- Origin: Boston, Massachusetts, U.S.
- Genres: Alternative rock
- Years active: 2004–present
- Members: Paul DePasquale Rob Fusco Robert Laff Christopher G. Brown
- Past members: Ben Case
- Website: varylumar.com

= Vary Lumar =

American alt-rock band

Vary Lumar is an alternative rock band based out of Boston, Massachusetts, formed in 2004.

==History==
While attending Berklee College of Music, Paul DePasquale, Robert Laff, and Rob Fusco formed the core of Vary Lumar. After playing with a few different lead guitarists, Ben Case settled into the role as the band recorded their debut EP, The Cold Heart Bru Hah Hah.

After a lengthy recording process with producer Sean McLaughlin, Vary Lumar released their first full-length album Waiting Room. The album was declared Album of the Month by Performer Magazine, and the band went on an East Coast tour. Fusco briefly left the band as they recorded follow-up EP Plasticolor Coma, and rejoined as they began work on their second full-length again with McLaughlin producing. Singer Paul DePasquale was diagnosed with Hodgkin's Lymphoma during the process, which informed the content of 2011's The Jig is Up. Like its predecessors, The Jig is Up received coverage from notable Boston publications such as DigBoston, The Boston Phoenix, and The Noise. In addition to the local acclaim, Vary Lumar's music was appearing in commercials and promotions for Anthropologie, W Magazine featuring January Jones, and Bassike.

After a series of promotional concerts behind The Jig is Up, Case left the band to pursue other interests. The band continued as a trio, recording two singles and ultimately released an EP entitled Capture in 2013. Capture received year-end accolades from Vanyaland and the music video for lead single "Hold it Against Me" was debuted by The LFB. Christopher G. Brown joined the band as a permanent fourth member on guitar and synthesizers, and the now-four piece quickly recorded and released a trio of new singles.

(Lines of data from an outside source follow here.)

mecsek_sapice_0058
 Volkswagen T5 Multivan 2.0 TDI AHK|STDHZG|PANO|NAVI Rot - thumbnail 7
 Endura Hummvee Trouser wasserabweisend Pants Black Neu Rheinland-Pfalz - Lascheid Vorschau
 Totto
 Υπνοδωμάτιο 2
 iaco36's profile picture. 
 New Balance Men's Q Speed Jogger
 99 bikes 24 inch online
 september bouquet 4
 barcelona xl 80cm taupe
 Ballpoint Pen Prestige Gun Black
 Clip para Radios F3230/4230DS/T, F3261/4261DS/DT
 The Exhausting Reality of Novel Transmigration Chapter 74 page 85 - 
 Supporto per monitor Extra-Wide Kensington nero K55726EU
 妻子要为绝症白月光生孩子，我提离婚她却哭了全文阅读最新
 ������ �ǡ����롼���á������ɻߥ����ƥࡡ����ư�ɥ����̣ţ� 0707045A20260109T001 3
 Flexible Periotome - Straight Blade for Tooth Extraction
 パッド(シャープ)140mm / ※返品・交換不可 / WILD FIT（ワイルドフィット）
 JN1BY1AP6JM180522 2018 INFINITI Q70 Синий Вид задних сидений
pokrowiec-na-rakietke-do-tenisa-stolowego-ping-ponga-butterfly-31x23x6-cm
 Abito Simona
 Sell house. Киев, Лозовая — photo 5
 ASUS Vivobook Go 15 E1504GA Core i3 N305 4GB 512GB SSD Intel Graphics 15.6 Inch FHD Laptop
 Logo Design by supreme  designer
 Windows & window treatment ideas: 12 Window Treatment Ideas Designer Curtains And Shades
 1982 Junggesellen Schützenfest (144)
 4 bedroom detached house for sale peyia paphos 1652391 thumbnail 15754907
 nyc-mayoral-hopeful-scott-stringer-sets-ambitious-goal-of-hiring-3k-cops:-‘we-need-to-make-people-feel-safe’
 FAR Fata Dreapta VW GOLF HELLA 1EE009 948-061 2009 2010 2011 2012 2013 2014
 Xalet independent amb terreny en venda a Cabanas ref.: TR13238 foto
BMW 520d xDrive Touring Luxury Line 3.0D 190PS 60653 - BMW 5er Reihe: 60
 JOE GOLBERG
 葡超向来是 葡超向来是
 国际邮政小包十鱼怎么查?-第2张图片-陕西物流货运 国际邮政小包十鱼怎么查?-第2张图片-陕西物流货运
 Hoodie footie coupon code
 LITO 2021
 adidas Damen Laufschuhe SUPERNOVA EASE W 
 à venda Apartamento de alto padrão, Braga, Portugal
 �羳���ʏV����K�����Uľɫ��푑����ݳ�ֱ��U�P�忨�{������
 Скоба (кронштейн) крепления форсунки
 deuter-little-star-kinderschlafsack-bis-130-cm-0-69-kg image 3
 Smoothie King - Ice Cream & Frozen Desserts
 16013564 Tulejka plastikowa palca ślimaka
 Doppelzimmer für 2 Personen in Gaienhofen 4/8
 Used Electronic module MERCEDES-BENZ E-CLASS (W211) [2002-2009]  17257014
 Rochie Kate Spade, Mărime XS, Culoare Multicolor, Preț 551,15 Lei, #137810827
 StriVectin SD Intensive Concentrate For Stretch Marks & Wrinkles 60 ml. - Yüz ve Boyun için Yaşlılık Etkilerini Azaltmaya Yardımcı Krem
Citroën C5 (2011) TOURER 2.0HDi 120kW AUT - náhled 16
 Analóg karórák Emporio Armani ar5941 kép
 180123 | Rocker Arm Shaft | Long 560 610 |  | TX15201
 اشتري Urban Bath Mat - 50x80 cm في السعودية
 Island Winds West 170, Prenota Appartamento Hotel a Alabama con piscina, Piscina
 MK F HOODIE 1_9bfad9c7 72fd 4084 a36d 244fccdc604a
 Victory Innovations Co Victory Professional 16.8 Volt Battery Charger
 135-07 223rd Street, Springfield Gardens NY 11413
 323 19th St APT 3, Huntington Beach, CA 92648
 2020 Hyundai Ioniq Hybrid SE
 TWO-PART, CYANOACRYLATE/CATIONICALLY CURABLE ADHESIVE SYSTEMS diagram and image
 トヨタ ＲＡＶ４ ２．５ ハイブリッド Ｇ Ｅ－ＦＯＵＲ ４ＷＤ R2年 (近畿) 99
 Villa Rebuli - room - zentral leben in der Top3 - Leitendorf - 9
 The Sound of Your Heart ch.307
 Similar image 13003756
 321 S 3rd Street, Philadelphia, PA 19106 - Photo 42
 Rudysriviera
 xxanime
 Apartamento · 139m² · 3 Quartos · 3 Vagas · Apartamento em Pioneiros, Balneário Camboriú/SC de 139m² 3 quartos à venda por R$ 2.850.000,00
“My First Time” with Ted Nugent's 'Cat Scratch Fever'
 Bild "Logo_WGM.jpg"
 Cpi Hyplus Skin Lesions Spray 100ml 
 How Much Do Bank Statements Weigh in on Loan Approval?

2014 saw Vary Lumar participating in 2014's WBCN Rock & Roll Rumble at T.T. the Bear's Place in Cambridge, MA and launching a successful Kickstarter campaign to fund the release of their next full-length on vinyl. The resulting album, Breaker, was released in December and received considerable amounts of press. The band spent 2015 promoting Breaker with live shows and working on new music for its follow-up.

==Band members==
===Current members===
- Paul DePasquale – lead vocals, guitar, keyboards (2004–present)
- Robert Laff – bass guitar, guitar, keyboards (2004–present)
- Rob Fusco – drums, keyboards (2004–present)
- Christopher G. Brown – guitar, keyboards (2013–present)

===Former members===
- Ben Case – guitar (2004–2011)

==Discography==

===Studio albums===
- Waiting Room (2008)
- The Jig is Up (2011)
- Breaker (2014)
- Little Steep Decay (2018)

===Singles===
- "It's / OK We're / OK" (2011)
- "In Focus" (2014)
- "Slave" (2014)
- "Reflections in the Sky" (2014)
- "Murderer" (2014)

=== EPs ===
- "The Cold Heart Bru Hah Ha" (2006)
- "Plasticolor Coma" (2009)
- "Capture" (2013)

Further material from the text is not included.